I don't think that 150ms ever makes sense in a regression test, unless we retry when the timeout passes. It is a very short period of time, a test can legitimately stall for seconds.
(In reply to comment #5) > I don't think that 150ms ever makes sense in a regression test, unless we > retry when the timeout passes. It is a very short period of time, a test can > legitimately stall for seconds. I don't know if you can do that with testharness, at least automatically. The only solution I can think of is splitting all tests in single files and letting the webkit test runner handle the timeouts, but we are speaking of files with a lot of test, more than 20.
(In reply to comment #6) > (In reply to comment #5) > > I don't think that 150ms ever makes sense in a regression test, unless we > > retry when the timeout passes. It is a very short period of time, a test can > > legitimately stall for seconds. > > I don't know if you can do that with testharness, at least automatically. > The only solution I can think of is splitting all tests in single files and > letting the webkit test runner handle the timeouts, but we are speaking of > files with a lot of test, more than 20. There are 2 timeouts: WK test runner and test harness. We want test harness ones to be short enough so that test runner timeout is not hit. We could set the test harness timeout per file depending on the number of timeouting tests in the file. The less timeouting tests in a file, the longer the test harness timeout value.
Comment on attachment 250787 [details] Patch View in context: https://bugs.webkit.org/attachment.cgi?id=250787&action=review > LayoutTests/ChangeLog:23 > + * resources/testharnessreport.js: Added default property variables > + for tests including a timeout of 150ms. If any timeout is short (shorter than, say, 5 seconds), then tests will be flaky. That's not OK. Please find a way to test without introducing flakiness. This may mean finding a different way to structure the tests.
For the moment, we could just comment out the failing tests. We would umcomment them as we add features. And no more need to set specific timeouts.
(In reply to comment #8) > Comment on attachment 250787 [details] > Patch > > View in context: > https://bugs.webkit.org/attachment.cgi?id=250787&action=review > > > LayoutTests/ChangeLog:23 > > + * resources/testharnessreport.js: Added default property variables > > + for tests including a timeout of 150ms. > > If any timeout is short (shorter than, say, 5 seconds), then tests will be > flaky. That's not OK. > > Please find a way to test without introducing flakiness. This may mean > finding a different way to structure the tests. I understand that it is not ok. The issue here is that we have a bunch of tests coming from the spec. Tests related to the same matter are placed in the same file. What we did was translating all those tests from tape to testharness (quick and painless) but we kept the files mapping so that they are easier to maintain.
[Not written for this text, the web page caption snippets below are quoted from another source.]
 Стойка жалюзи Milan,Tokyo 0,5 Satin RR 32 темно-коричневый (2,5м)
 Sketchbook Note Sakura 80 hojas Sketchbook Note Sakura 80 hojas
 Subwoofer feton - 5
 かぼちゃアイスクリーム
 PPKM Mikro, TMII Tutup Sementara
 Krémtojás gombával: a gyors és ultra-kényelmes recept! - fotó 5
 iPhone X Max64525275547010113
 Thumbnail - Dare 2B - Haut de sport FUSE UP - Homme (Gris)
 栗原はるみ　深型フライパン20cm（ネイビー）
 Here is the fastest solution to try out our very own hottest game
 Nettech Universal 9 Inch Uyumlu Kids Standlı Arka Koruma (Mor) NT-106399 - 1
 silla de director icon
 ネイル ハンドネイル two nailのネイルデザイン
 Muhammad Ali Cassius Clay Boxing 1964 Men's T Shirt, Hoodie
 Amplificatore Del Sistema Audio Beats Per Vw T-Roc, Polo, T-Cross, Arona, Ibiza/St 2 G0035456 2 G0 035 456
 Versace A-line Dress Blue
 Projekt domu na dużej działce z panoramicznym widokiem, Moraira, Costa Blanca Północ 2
The key here is that a file can contain several tests so as Youenn said we have two timeouts, testharness and WebKitTestRunner. We can do several things here: 1. Remove (or comment out) the failing tests from the files. This is hard to maintain because for every patch we want to submit we would need to readd or uncomment the harness tests to see if they pass. 2. Create a 1-1 relation between harness tests and webkit tests. This would be hell to maintain because we would need to use either random filenames or name the files after the test description, which is a plain string. Every time a test is changed in the spec we would need to rename our test and that leads to tracing problems, etc. 3. Remove all timeouts. This causes testharness timeouts to trigger webkit timeouts, which renders useless the finegraining of the testharness tests as we don't have output. Both things reduce flakyness, but have severe issues that make our lifes much more complicated. Another solution that introduces some flakyness (that is under control right now) is keeping things as we have them now, but setting that timeout for the testharness tests (we won't touch webkit's).
It is not OK to introduce any known flaky tests. Each failure has a cost, as bot watchers see a red bubble, and need to investigate why it's red.
Flakky tests are painful. Let's comment out timeouting tests for the moment and remove specific test timeouts. If no one objects, we will land these changes tomorrow as an unreviewed patch.
(In reply to comment #12) > Flakky tests are painful. > Let's comment out timeouting tests for the moment and remove specific test > timeouts. > > If no one objects, we will land these changes tomorrow as an unreviewed > patch. As a first, step, let's remove all timeout values from testharness tests, except for individual tests that actually timeout. That way, we still ensure that these tests do not crash. If that solves flakiness issues, we are good. Otherwise, let's comment out flakky tests and readd them when features will get added.